Once you find the line with "Ep.30 Beyond the" in the entries below, print it and each line after it up to and including the line with "M2210003 Two poor", exactly, without pictures.

GIVEN RECORDS:
────

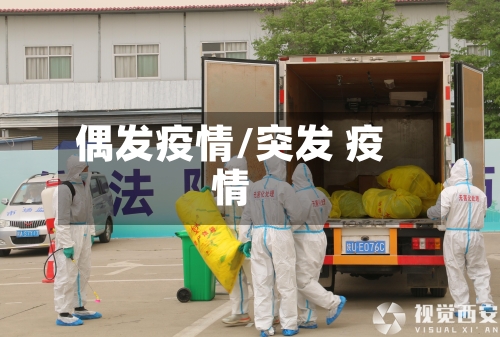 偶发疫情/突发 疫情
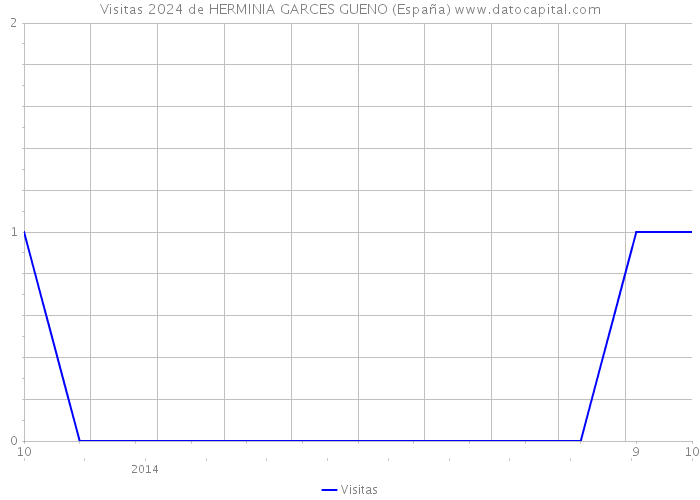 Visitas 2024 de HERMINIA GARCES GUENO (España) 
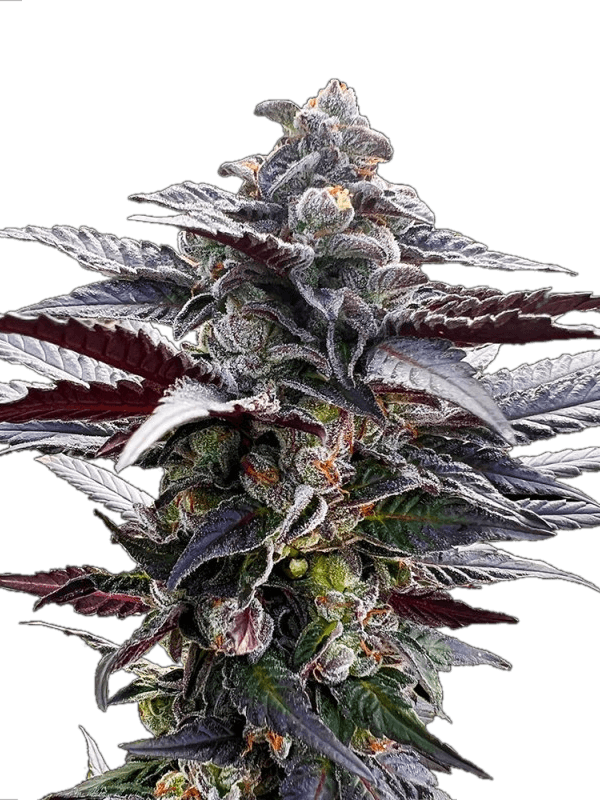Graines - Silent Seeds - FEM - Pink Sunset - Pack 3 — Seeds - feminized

────

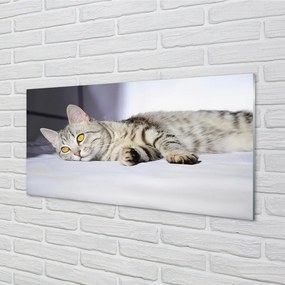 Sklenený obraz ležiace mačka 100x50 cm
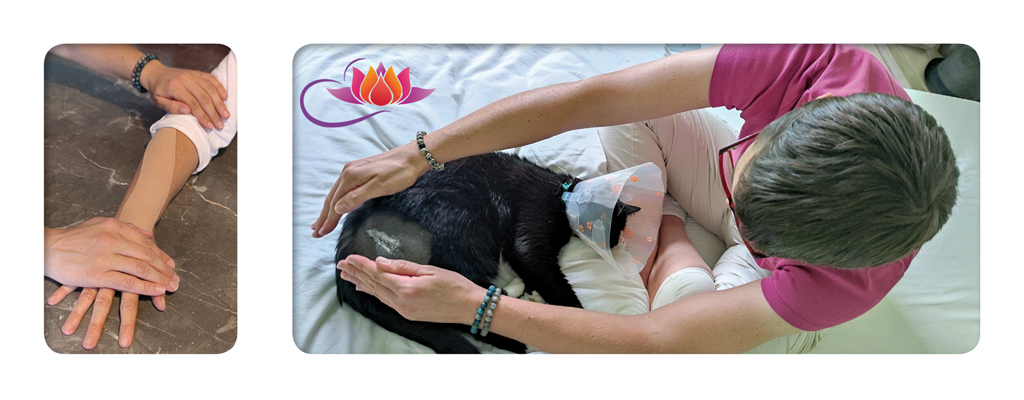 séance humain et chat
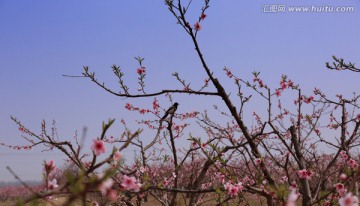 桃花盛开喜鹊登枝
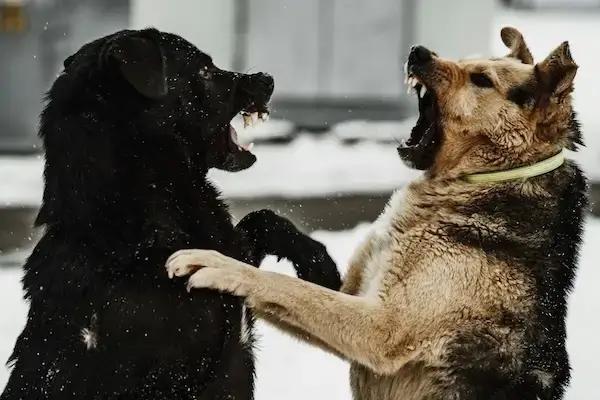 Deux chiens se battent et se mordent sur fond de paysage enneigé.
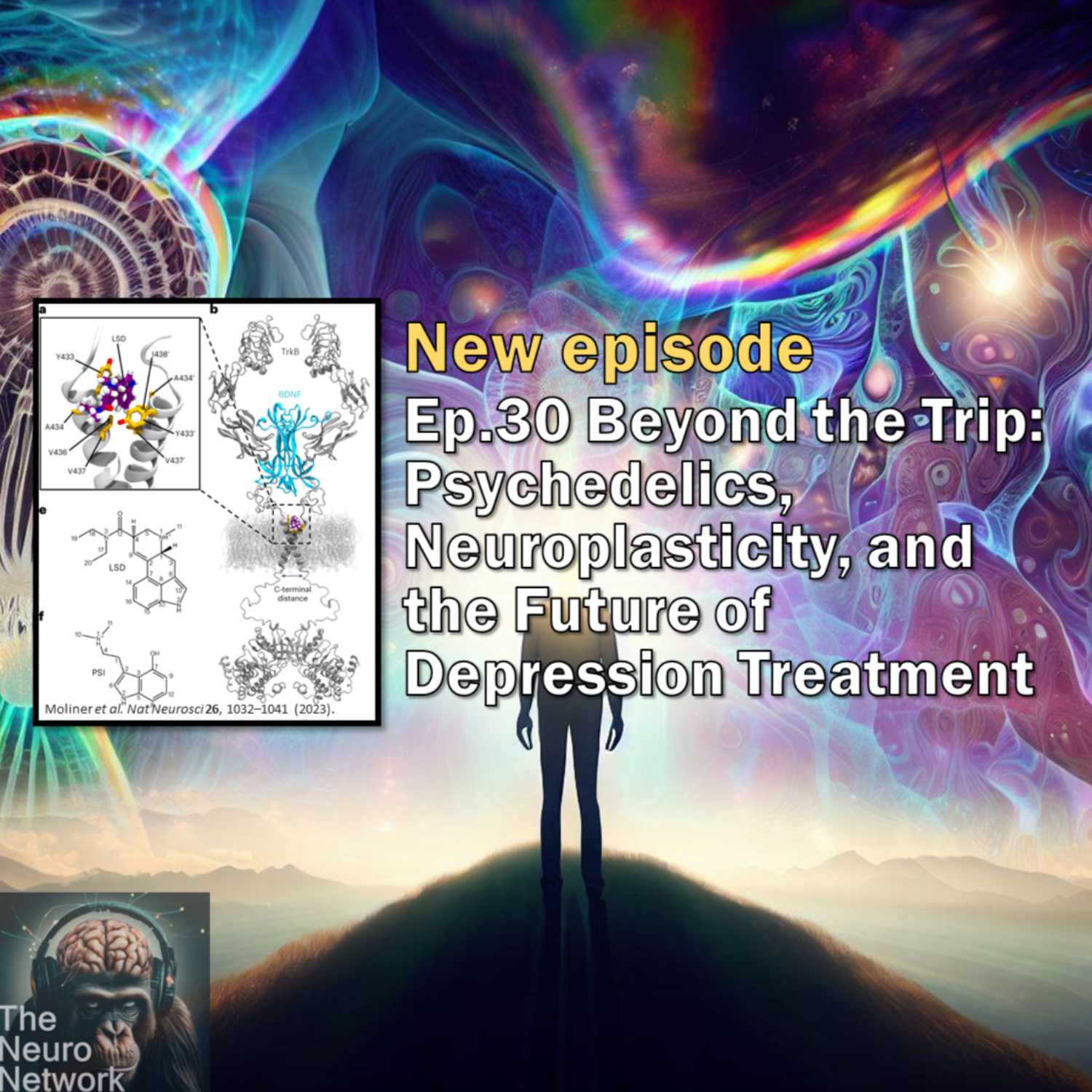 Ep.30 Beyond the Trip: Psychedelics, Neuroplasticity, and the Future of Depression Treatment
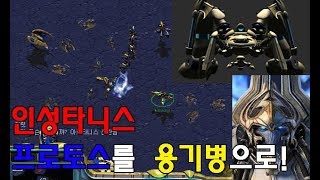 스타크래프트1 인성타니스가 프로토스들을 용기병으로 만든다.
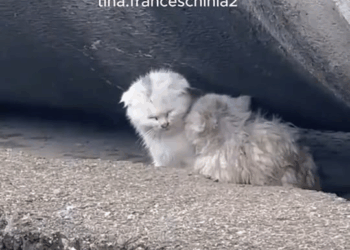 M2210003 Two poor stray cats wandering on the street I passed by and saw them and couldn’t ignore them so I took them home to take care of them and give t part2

────

SOLUTION:
 Ep.30 Beyond the Trip: Psychedelics, Neuroplasticity, and the Future of Depression Treatment
 스타크래프트1 인성타니스가 프로토스들을 용기병으로 만든다.
 M2210003 Two poor stray cats wandering on the street I passed by and saw them and couldn’t ignore them so I took them home to take care of them and give t part2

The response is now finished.